PROBLEM STATEMENT:
Reproduce exactly the line that contains "Vintage HEAD Pearlescent" and every line after it through the end of the records below, leaving out all pictures.

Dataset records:

• • • • • • •

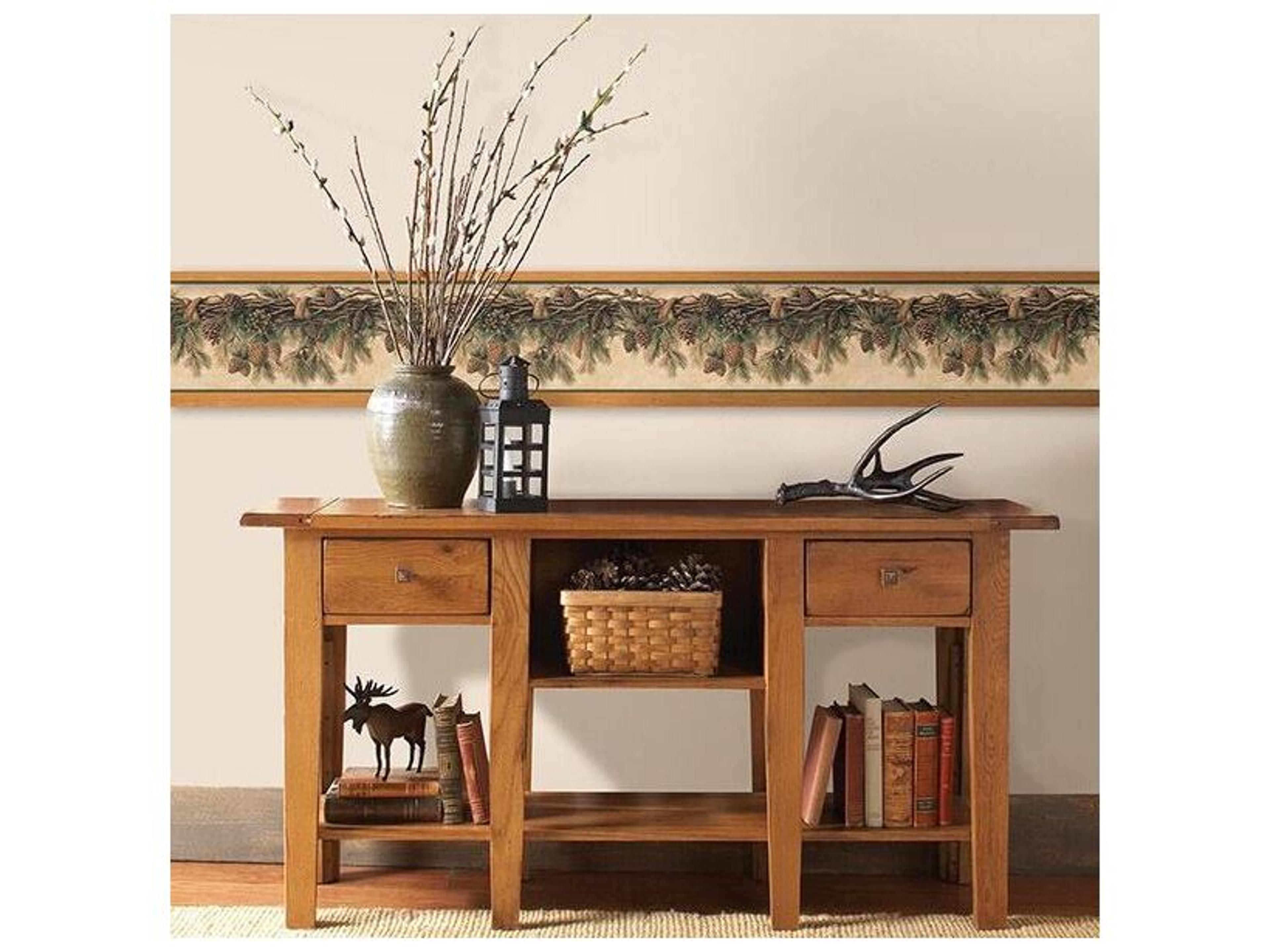 Brewster Home Fashions Chesapeake Pinecone Forest Multicolor Pine Border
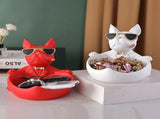 French Bulldog Pushing Wheelbarrow Storage Figurine Resin Statue Key Bowl Candy Dish Entryway V888-ELOSUNG41624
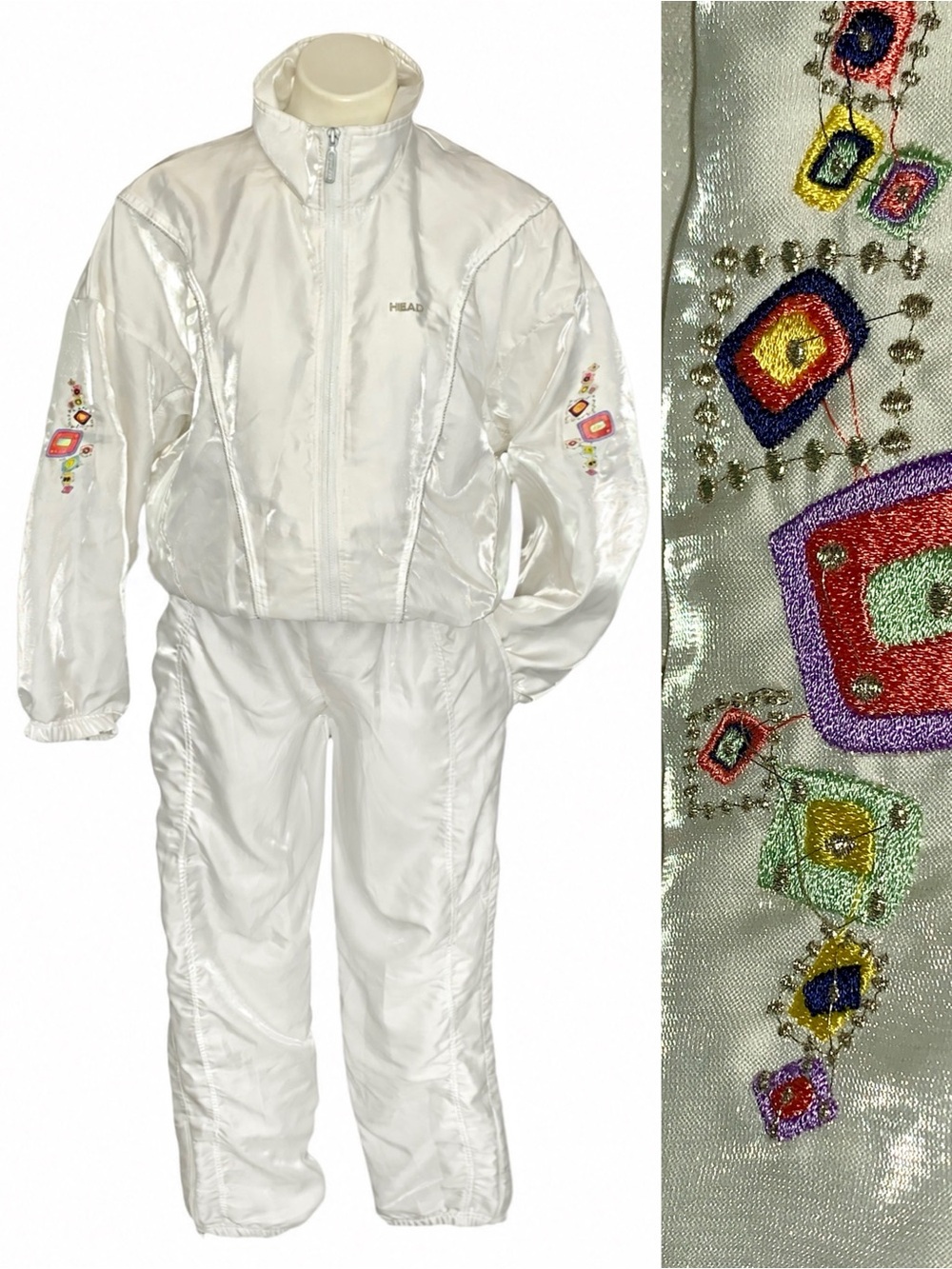 Vintage HEAD Pearlescent Embroidered Tracksuit Set Oversized 90s Skiwear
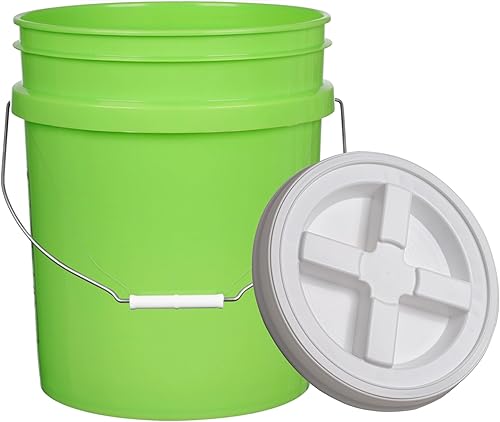 Miniatura 8 de House Naturals Cubo de plástico verde lima de 5 galones fabricado en Estados Unidos, de grado alimenticio, con tapa de doble junta hermética a rosca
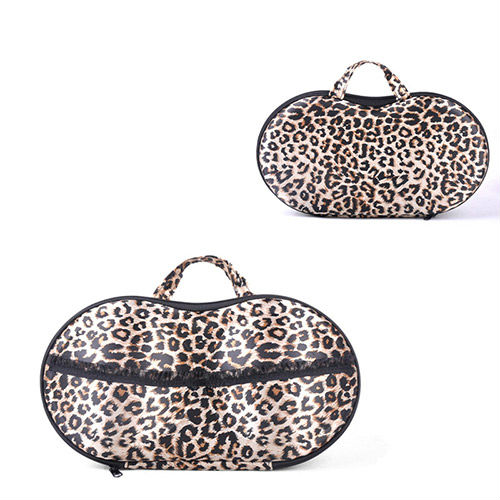 Hot Sale Fashion Travel Bras Bra Bag Portable Protect Bra Underwear Lingerie Case Leopard Print Nylon Lace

• • • • • • •

ANSWER SECTION:
 Vintage HEAD Pearlescent Embroidered Tracksuit Set Oversized 90s Skiwear
 Miniatura 8 de House Naturals Cubo de plástico verde lima de 5 galones fabricado en Estados Unidos, de grado alimenticio, con tapa de doble junta hermética a rosca
 Hot Sale Fashion Travel Bras Bra Bag Portable Protect Bra Underwear Lingerie Case Leopard Print Nylon Lace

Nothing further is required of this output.